This past summer (and parts of the fall), reviews of almost every NBA team – using Wins Produced – were posted in this forum (these are all listed at the NBA Analysis Page). The lone exception was the New Jersey Nets. So with this quick post, every team will have been reviewed.
Let me start with what the Nets did last year. Yes, they were the worst team in the NBA. Last February we explored how this happened. Here were the basic points made eight months ago.
- Obviously the roster assembled in New Jersey was quite bad. But it shouldn’t been as bad as it appeared.
- The problem in New Jersey was primarily at the point guard spot. The three players who declined the most were Devin Harris, Rafer Alston, and Keyon Dooling.
- The departure of Alston – and the addition of Kris Humphries – probably helped the Nets avoid the worst record in NBA history.
When we look at the final results for this team (32 games after the story in February was posted), we find support for these stories. The following table indicates the team should not have been as bad as it was in 2009-10. The point guards were the players who decline the most. And the addition of Humphries and loss of Alston probably helped.
Although all of that may be interesting, much of this doesn’t matter in 2010-11. This team now has new ownership. And more importantly, many new players. In fact, of the ten players listed on the depth chart, six were not with the team last year. Because clothes do not win or lose games, we can expect a change in the players in the clothes will cause a change in the outcomes observed.
How much of a change, though, depends on the quality of players added and lost. Let’s focus on the latter first. The above table reveals that the Nets employed five players who a) saw 500 or more minutes of actions and b) posted WP48 [Wins Produced per 48 minutes] marks in the negative range. All five of these players are now gone (and if you now have one of those players on your team, that might not be a good sign). Having these players depart clearly helps.
The team has also added a few players who produce in the positive range. This list begins with Troy Murphy, who posted a 0.294 WP48 last season with the Indiana Pacers. Murphy, though, begins the season injured. Because Murphy’s back-up is Derrick Favors – and Favors played poorly in the preseason – this particular injury could really hurt.
Whether or not Murphy plays, though, the Nets should improve on their 12 wins from last season. This is because the team is primarily employing players who produce in the positive range. The lone exceptions are Quinton Ross (who might be the back-up shooting guard) and the aforementioned Favors (although projecting rookies is difficult).
How much Murphy ultimately plays is not something we can project easily.
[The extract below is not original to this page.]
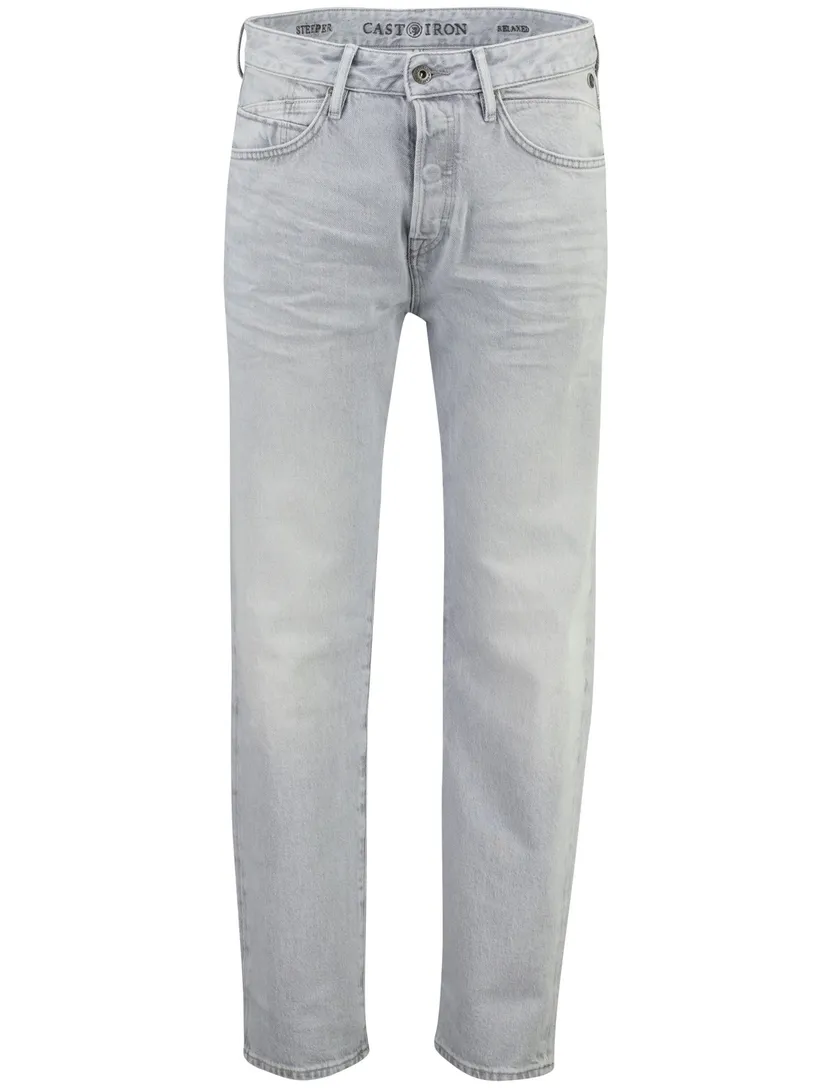 lichtgrijs jeans relaxed fit Steeper Cast Iron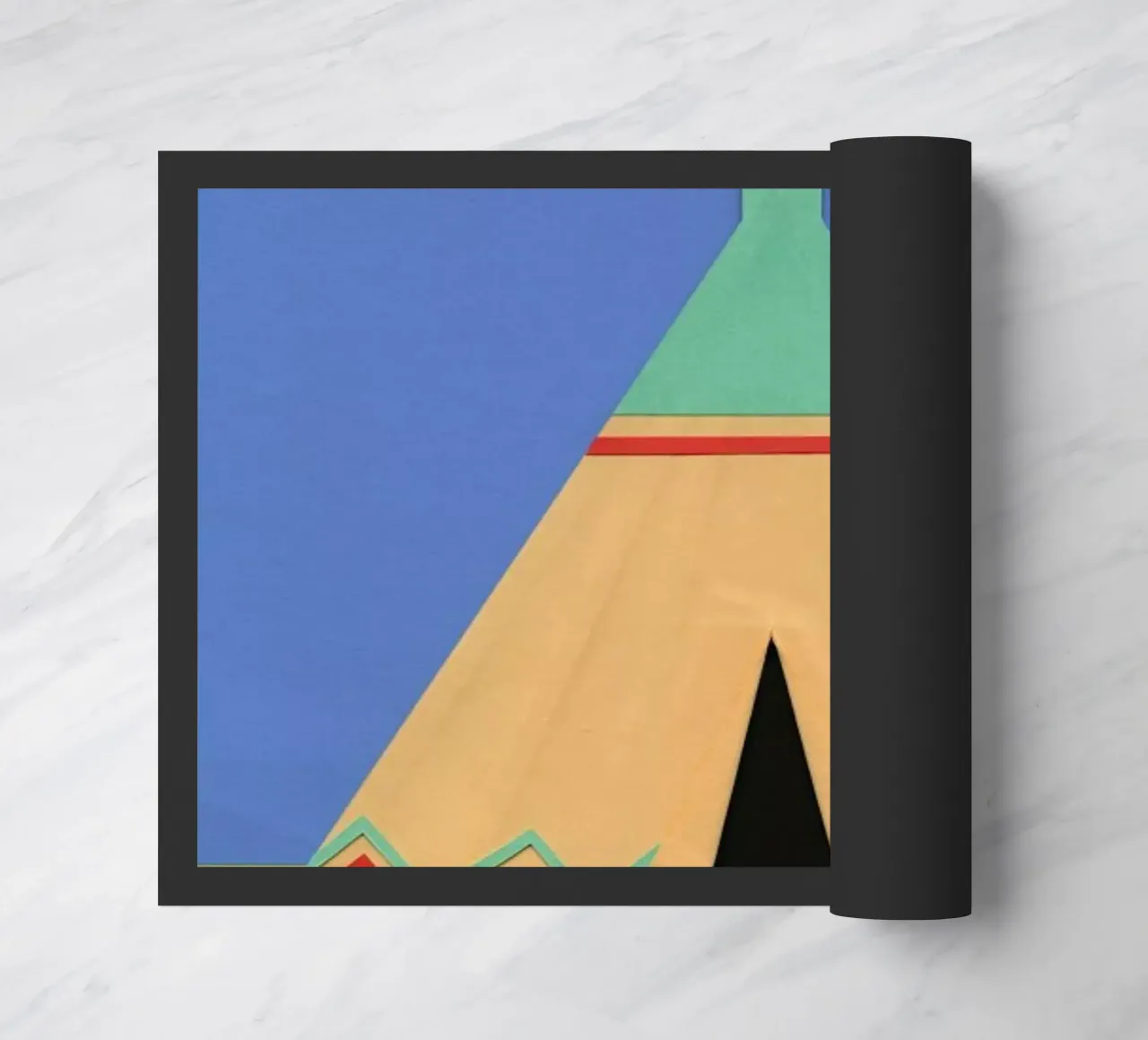 Tipi Green Red zerbino da Rosi Feist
But we can offer a projection if he does play. At least Arturo Galletti can do this. Arturo has offered projections of every team, and according to his extensive analysis (and it really was quite extensive) the Nets will win 39 games in 2010-11. In fact, Arturo has the Nets making the playoffs. Wow!!
Again, I think Arturo expects Murphy to play and be productive. In fact, Arturo also expects Favors to contribute (despite his preseason numbers). So this might be an optimistic projection.
By the way, if you don’t like this projection – or even if you just want to see more and more and more projections – one can look at the Wages of Wins Network Stat Smackdown. There you will see that even if people agree that Wins Produced is a fairly good idea, projections of the future will still differ.
One last note… Andres Alvarez says the automated Wins Produced numbers should be available throughout the season. He thinks updates each week are possible (with the first numbers coming out in a week or so). So it looks like this season we will be able to evaluate all players via Wins Produced throughout the year. Once again, thanks to Andres for making this possible.